O cristianismo antigo

Em sentido estrito, o cristianismo não é filosofia, mas um sistema de mundo, cuja influência ultrapassou em muito a de todas as doutrinas filosóficas.

Urge-nos falar dele.

Seu significado essencial, sua missão principal, é ensinar ao homem o caminho da salvação espiritual, e não aperfeiçoar diretamente ou muito menos reedificar por completo a estrutura temporal. Hoje em dia alguns deturpam o cristianismo deveras ao fazer-lhe simples meio de o homem ser feliz cá embaixo. Sem dúvida o cristianismo não se desinteressa pelo homem de carne e osso, que vive no tempo, mas olha para além da terra. Seria mutilá-lo reduzi-lo a uma moral vaga. Antes de tudo, é uma doutrina cuja moral é-lhe somente o corolário ou condição de realização. (Daí a importância extrema das questões de dogma, das quais se desinteressam por completo muitos dos cristãos “militantes” ou “engajados”). Não se deve duvidar de que no curso da história há uma tomada de consciência cada vez mais explícita do conteúdo das crenças – mas esta preocupação doutrinal sente-se desde o Evangelho, e mais ainda em São Paulo.

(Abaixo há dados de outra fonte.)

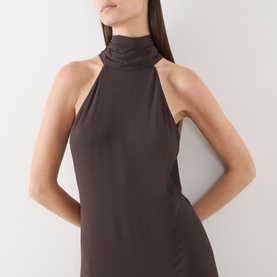 Model wearing Samsoe & Samsoe mulch halterneck dress in 100% viscose, featuring high neck and open back detail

Ademais é preciso ser doido para enxergar no Evangelho um apelo à Revolução: o Cristo vivera em uma sociedade patriarcal, de grandes injustiças e, além disso, em um país ocupado. Ora ele jamais abordara esse duplo problema diretamente. Julga os homens segundo a virtude de cada um e não segundo a raça ou a classe, para as quais não dá importância. (Uma leitura honesta e calma do Evangelho basta para confirmá-lo). Toda a lengalenga sobre o “socialismo”, o “comunismo” ou o “anarquismo” de Jesus pertence à ordem da mistificação.

No entanto o cristianismo não abandona o mundo às forças da violência e da injustiça. Seu grande ensinamento é a Caridade, em sentido forte (sobrenatural, teologal): amor de Deus e do próximo na qualidade de filho de Deus. Trás à lembrança a existência da justiça, que é por sua vez individual e social. Embora não se misture com a política, não é todavia compatível com qualquer doutrina ou instituição: não se pode ser nazi e cristão ao mesmo tempo (nem de resto ser comunista e cristão. Retomaremos o tema nas lições sobre o marxismo).

Sobre a Caridade, v. São Paulo, 1a Epístola aos Coríntios, c. XIII. O cristianismo acarretou, num prazo mais ou menos longo, conseqüências político-sociais consideráveis.

- Vejamos por exemplo o caso da escravidão: o cristianismo antigo não eleva contra ela nenhuma condenação teórica, e não convida os escravos à rebelião violenta (isso nos espanta e escandaliza, e com razão!). Mas ao mesmo tempo exorta os mestres à bondade em face dos escravos, e os escravos a uma obediência digna. (v. São Paulo, Epístola aos Efésios, 6, 5,9; Epístola a Timóteo, 6, 1,2; Epístola a Filêmon; 1a Epístola de São Pedro, 11, 18-20). É que, já que ele professa a unidade da natureza e da remissão de todos os homens (Epístola aos Colossensses, 3, 2), torna logicamente inevitável a exploração do homem pelo homem, o desprezo racial etc., mas os que vêm a ser culpáveis de tais faltas são infiéis ao cristianismo. Havia aí um fermento de grande eficácia concreta.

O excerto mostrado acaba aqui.